The point of his Variation Theory, and I'm not going to go into it here, the point is it would take 3 Quartets to Complete the Cycle, and it took until 2010 (No.2 was completed in 1982, but was heavily revised after the completion of No.3 in 2008) for that dream to become a reality. Ever since I read about this in the earlier cd notes I have been expectant of this Cycle!

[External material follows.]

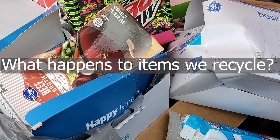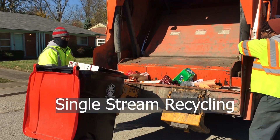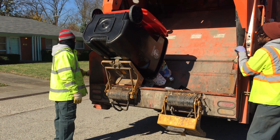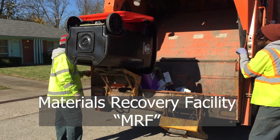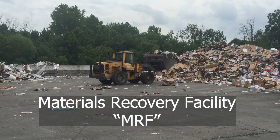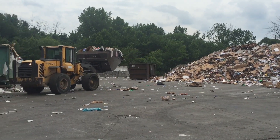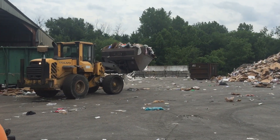When you recycle at home, you put all your items in the same bin. This is called single stream recycling. Trucks that collect your recycling take their loads to a materials recovery facility, or MRF for short. Our local facility in Louisville is West Rock Recycling. Most household recycling goes there.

And so, Nos. 2-3 follow No.1 seamlessly, though here is the 'Plan': SQ 1 totals six variations, SQ 2 is two more variations, and SQ 3 by itself represents only one variation, as the 'process' has expanded to that degree by that time. These second two quartets, both sound substantially like the first, but with radical leaps in the level of virtuosity. I suppose, with the 'heightening' of the 'spirals' in the Spiral-Variation-Theory (my name), these second two quartets become ever move volcanic (and yet static too) until we arrive right back where we started in the beginning of No.1.

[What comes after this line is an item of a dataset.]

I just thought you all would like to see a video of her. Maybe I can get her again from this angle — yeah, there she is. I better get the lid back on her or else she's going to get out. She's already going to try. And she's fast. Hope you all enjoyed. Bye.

But I use the provocative Thread Title because I was so reminded of the energy of Norgard's SQ No.9 when listening to SQs 2-3, but of course in a totally different way. I don't really mean to say this 'sounds' like Norgard, but it really kind of does, but Lerdahl's vision is quite integrated, and everything takes on a semi-hallucinary kaliedoscopic(sic) turn. This music also slightly reminded me of Ohana's SQ No.3, a late piece that is quite free and improvisational. I also hear a bit of the rhythmic force of Xenakis's Tetras. Lerdahl has his own palette, that is sure, and uses many many good sounds along with an argument that is cumulative. I might even through in Berio's Glosse as an example.

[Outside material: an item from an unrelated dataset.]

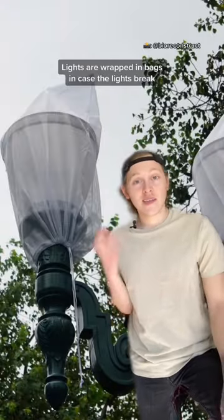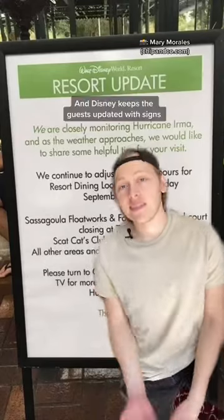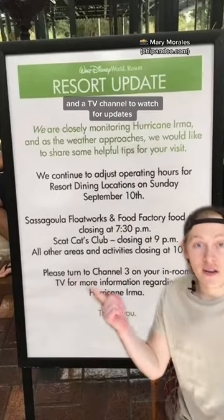Lights are wrapped in bags, because in case the light breaks, it's all in the bag. Ponds and lakes may be drained to prevent flooding. And Disney keeps the guests updated with signs and a teeny channel to watch for updates.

Part of the overriding appeal of this music is the consistent use of the 'Mystery Mode' that Lerdahl employs from the opening of the first quartet onwards. It lends an almost Feldmanesque quality to this 60 minute Cycle, as Feldman preferred slightly ominous atmospheres, though I'd rather say 'mysterious'. I get the feeling of being in Luray Caverns when listening to Lerdahl's Cycle.

I hasten to say that ANYONE interested in something meaty, and attractive (and I know how provocative THAT word is!), this is American Composer Fred Lerdahl's Magnum Opus, the String Quartet Cycle 1-3. I not so sure about his other Works, and as you can see from this Thread, there's not much interest to find out, but I'm convinced that this Cycle is a Modern Masterpiece, and seeing that it quite stands apart in Lerdahl's Works, I think it's safe to say that this now becomes THE door to open to get to the heart of Lerdahl's talent. There is nothing Minimalist here, as might have been alluded to earlier in other pieces, and I can't vouch for anything other than what I heard, and I'll stake my GMG Reputation on The Usual Suspects,... AND MORE!, many many more, that you will all find this Cycle very enjoyable indeed. As I say, all the influences above came to mind (especially a kind of Norgard): Lerdahl speaks in a Universalist/Modernist language that effortlessly moves quicksilver between disparate states, evoking  a very personal and intimate interior world of boundless energy and invention.

I find myself wanting to recommend this to Karl Henning. ;)

The performance is rapturous and silky smooth, and the recording is typical of the high standards we have come to expect from this source. Since this cd is on the Ticker Tape, can we do a promotion? I would love to be responsible for seeing this cd on the Cassical Charts!